Tedjo mengatakan, Jokowi sudah tegas mengatakan agar KPK dan Kepolisian sama-sama menjernihkan suasana

Editor: Sanusi
zoom-inlihat foto Menko Polhukam: Sebagai Kepala Negara, Jokowi Sudah Tegas
Warta Kota/Alex Suban
Presiden Joko Widodo (Jokowi) didampingi Ketua Komisi Pemberantasan Korupsi (KPK), Abraham Samad, Wakil Presiden Jusuf Kalla, Jaksa Agung, HM Prasetyo, dan Wakapolri, Komjen Pol Badrodin Haiti (depan, kiri ke kanan) memberikan penjelasan tentang sikap pemerintah terkait penangkapan Wakil Ketua KPK, Bambang Widjojanto oleh Bareskrim Polri, di teras Istana Bogor, Bogor, Jawa Barat, Jumat (23/1/2015). Presiden meminta pada institusi Polri dan KPK untuk memastikan bahwa proses hukum yang ada harus objektif dan sesuai dengan aturan UU yang ada. (Warta Kota/Alex Suban)

TRIBUNNEWS.COM, JAKARTA - Menteri Koordinator Bidang Politik, Hukum, dan Keamanan Tedjo Edhy Purdijatno menilai pernyataan Presiden Joko Widodo terkait polemik Kepolisian Negara RI dengan Komisi Pemberantasan Korupsi sudah tegas. Menurut Tedjo, Jokowi telah menggariskan bahwa pemerintah tidak berpihak pada satu di antara dua institusi penegak hukum tersebut.

"Itu sudah tegas sebagai kepala negara, jangan berpihak pada salah satu, ini saya tidak suka. Pernyataannya sudah menyudutkan, enggak boleh," kata Tedjo di Kompleks Istana Kepresidenan Jakarta, Sabtu (24/1/2015).

Tedjo mengatakan, Jokowi sudah tegas mengatakan agar KPK dan Kepolisian sama-sama menjernihkan suasana.

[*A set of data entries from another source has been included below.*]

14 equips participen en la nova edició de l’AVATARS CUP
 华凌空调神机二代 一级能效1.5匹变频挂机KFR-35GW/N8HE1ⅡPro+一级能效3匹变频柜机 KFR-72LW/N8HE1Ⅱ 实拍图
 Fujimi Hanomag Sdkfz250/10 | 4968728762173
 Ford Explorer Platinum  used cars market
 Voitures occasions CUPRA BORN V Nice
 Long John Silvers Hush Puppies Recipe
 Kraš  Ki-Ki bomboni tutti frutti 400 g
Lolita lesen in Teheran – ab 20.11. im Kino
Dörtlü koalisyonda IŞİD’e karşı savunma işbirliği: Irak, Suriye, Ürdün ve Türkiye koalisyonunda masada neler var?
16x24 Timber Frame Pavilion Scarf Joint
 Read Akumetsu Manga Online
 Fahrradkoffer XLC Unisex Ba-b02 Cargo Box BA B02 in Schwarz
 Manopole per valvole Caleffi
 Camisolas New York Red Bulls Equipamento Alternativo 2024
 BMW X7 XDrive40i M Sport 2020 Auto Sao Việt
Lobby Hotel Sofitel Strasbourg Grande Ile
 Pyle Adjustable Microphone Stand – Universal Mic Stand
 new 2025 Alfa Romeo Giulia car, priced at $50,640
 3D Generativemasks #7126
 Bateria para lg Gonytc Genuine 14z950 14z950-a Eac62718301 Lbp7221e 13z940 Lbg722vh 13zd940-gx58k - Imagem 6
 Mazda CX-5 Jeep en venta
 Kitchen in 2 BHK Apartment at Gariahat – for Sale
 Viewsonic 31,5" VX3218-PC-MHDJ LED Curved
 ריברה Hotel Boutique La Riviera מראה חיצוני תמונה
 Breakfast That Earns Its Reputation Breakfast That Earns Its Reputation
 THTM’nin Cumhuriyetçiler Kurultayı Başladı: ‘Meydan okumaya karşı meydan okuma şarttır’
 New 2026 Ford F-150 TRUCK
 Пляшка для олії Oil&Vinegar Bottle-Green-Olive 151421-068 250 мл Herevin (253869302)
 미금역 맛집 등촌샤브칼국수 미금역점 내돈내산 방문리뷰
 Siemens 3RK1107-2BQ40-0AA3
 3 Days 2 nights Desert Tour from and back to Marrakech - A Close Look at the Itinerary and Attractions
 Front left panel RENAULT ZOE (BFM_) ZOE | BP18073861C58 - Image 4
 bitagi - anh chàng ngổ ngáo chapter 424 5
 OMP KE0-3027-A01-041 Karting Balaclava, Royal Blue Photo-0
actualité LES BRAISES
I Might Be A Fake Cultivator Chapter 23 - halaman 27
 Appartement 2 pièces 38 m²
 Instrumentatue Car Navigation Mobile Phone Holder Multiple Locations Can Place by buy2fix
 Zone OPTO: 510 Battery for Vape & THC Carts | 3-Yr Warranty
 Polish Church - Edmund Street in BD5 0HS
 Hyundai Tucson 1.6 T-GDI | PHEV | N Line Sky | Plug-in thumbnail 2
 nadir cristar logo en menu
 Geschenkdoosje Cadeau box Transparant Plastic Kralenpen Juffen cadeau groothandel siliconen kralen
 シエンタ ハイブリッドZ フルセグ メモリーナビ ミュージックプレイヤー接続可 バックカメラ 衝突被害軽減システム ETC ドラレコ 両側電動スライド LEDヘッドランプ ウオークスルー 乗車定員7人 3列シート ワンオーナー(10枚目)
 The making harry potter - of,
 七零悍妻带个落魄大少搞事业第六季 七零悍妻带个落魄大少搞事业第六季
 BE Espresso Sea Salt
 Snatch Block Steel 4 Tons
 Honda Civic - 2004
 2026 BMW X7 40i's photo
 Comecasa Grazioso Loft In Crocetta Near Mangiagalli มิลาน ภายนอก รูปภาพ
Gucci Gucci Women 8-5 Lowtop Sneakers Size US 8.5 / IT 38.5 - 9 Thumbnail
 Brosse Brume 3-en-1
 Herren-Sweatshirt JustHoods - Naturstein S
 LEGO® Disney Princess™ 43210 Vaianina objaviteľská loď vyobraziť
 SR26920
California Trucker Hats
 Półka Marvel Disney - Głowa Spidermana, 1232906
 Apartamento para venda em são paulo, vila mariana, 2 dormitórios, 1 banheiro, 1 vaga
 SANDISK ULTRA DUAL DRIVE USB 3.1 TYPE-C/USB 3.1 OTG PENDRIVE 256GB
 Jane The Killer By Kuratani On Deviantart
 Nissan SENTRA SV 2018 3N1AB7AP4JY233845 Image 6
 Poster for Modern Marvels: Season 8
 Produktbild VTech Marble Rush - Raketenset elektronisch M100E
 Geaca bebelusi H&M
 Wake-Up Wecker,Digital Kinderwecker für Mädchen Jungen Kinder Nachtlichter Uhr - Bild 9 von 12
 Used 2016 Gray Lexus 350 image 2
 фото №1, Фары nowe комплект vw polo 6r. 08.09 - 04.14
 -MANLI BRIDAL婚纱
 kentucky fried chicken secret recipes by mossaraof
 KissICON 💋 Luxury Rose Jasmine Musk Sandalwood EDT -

Jokowi juga meminta proses hukum dilakukan secara benar dan obyektif sesuai dengan undang-undang yang berlaku.

"Tidak menginginkan adanya gesekan antara dua institusi, jelas, tegas, sebagai kepala negara, dan itu sudah ditaati kedua institusi, jangan diarah-arahkan yang enggak benar," kata Tedjo.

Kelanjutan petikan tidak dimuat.